(Records excerpted from a collection)
* * *

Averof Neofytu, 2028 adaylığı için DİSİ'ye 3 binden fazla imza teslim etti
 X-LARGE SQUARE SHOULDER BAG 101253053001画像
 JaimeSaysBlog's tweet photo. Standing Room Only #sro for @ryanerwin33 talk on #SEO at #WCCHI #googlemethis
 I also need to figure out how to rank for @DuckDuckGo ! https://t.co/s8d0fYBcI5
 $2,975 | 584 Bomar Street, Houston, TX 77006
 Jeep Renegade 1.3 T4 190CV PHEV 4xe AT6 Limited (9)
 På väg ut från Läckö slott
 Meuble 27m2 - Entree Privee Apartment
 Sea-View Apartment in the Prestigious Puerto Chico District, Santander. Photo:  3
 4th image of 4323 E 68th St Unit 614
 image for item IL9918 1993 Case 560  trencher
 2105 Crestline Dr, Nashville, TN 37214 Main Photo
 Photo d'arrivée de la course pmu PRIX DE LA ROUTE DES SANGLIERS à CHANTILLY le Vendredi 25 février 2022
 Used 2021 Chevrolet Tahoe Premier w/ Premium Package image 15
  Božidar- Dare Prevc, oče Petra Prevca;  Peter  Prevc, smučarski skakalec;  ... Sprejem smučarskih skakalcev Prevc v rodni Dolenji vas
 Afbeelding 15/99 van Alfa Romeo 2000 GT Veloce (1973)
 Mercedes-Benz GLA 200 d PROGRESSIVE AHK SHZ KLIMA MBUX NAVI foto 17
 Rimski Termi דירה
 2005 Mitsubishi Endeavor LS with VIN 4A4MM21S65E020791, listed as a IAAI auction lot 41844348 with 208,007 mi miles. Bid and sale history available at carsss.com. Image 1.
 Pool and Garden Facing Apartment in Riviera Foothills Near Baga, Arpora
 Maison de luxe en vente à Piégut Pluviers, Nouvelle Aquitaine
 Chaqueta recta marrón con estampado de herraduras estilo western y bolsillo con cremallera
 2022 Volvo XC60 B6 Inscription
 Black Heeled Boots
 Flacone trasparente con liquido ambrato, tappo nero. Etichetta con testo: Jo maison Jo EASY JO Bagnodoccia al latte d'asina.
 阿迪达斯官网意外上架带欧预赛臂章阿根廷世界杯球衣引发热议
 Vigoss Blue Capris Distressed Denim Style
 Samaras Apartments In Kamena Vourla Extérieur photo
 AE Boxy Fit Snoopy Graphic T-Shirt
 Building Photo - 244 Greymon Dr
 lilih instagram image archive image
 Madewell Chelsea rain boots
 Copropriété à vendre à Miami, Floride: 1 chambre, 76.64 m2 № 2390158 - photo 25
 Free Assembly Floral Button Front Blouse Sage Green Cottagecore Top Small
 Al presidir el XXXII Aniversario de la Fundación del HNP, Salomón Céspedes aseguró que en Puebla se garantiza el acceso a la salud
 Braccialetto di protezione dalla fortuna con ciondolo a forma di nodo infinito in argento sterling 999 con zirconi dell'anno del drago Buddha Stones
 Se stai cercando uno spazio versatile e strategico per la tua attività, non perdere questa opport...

* * *

Work item
Transcribe each entry word for word.

Answer below
Averof Neofytu, 2028 adaylığı için DİSİ'ye 3 binden fazla imza teslim etti
 X-LARGE SQUARE SHOULDER BAG 101253053001画像
 JaimeSaysBlog's tweet photo. Standing Room Only #sro for @ryanerwin33 talk on #SEO at #WCCHI #googlemethis
 I also need to figure out how to rank for @DuckDuckGo ! https://t.co/s8d0fYBcI5
 $2,975 | 584 Bomar Street, Houston, TX 77006
 Jeep Renegade 1.3 T4 190CV PHEV 4xe AT6 Limited (9)
 På väg ut från Läckö slott
 Meuble 27m2 - Entree Privee Apartment
 Sea-View Apartment in the Prestigious Puerto Chico District, Santander. Photo:  3
 4th image of 4323 E 68th St Unit 614
 image for item IL9918 1993 Case 560  trencher
 2105 Crestline Dr, Nashville, TN 37214 Main Photo
 Photo d'arrivée de la course pmu PRIX DE LA ROUTE DES SANGLIERS à CHANTILLY le Vendredi 25 février 2022
 Used 2021 Chevrolet Tahoe Premier w/ Premium Package image 15
  Božidar- Dare Prevc, oče Petra Prevca;  Peter  Prevc, smučarski skakalec;  ... Sprejem smučarskih skakalcev Prevc v rodni Dolenji vas
 Afbeelding 15/99 van Alfa Romeo 2000 GT Veloce (1973)
 Mercedes-Benz GLA 200 d PROGRESSIVE AHK SHZ KLIMA MBUX NAVI foto 17
 Rimski Termi דירה
 2005 Mitsubishi Endeavor LS with VIN 4A4MM21S65E020791, listed as a IAAI auction lot 41844348 with 208,007 mi miles. Bid and sale history available at carsss.com. Image 1.
 Pool and Garden Facing Apartment in Riviera Foothills Near Baga, Arpora
 Maison de luxe en vente à Piégut Pluviers, Nouvelle Aquitaine
 Chaqueta recta marrón con estampado de herraduras estilo western y bolsillo con cremallera
 2022 Volvo XC60 B6 Inscription
 Black Heeled Boots
 Flacone trasparente con liquido ambrato, tappo nero. Etichetta con testo: Jo maison Jo EASY JO Bagnodoccia al latte d'asina.
 阿迪达斯官网意外上架带欧预赛臂章阿根廷世界杯球衣引发热议
 Vigoss Blue Capris Distressed Denim Style
 Samaras Apartments In Kamena Vourla Extérieur photo
 AE Boxy Fit Snoopy Graphic T-Shirt
 Building Photo - 244 Greymon Dr
 lilih instagram image archive image
 Madewell Chelsea rain boots
 Copropriété à vendre à Miami, Floride: 1 chambre, 76.64 m2 № 2390158 - photo 25
 Free Assembly Floral Button Front Blouse Sage Green Cottagecore Top Small
 Al presidir el XXXII Aniversario de la Fundación del HNP, Salomón Céspedes aseguró que en Puebla se garantiza el acceso a la salud
 Braccialetto di protezione dalla fortuna con ciondolo a forma di nodo infinito in argento sterling 999 con zirconi dell'anno del drago Buddha Stones
 Se stai cercando uno spazio versatile e strategico per la tua attività, non perdere questa opport...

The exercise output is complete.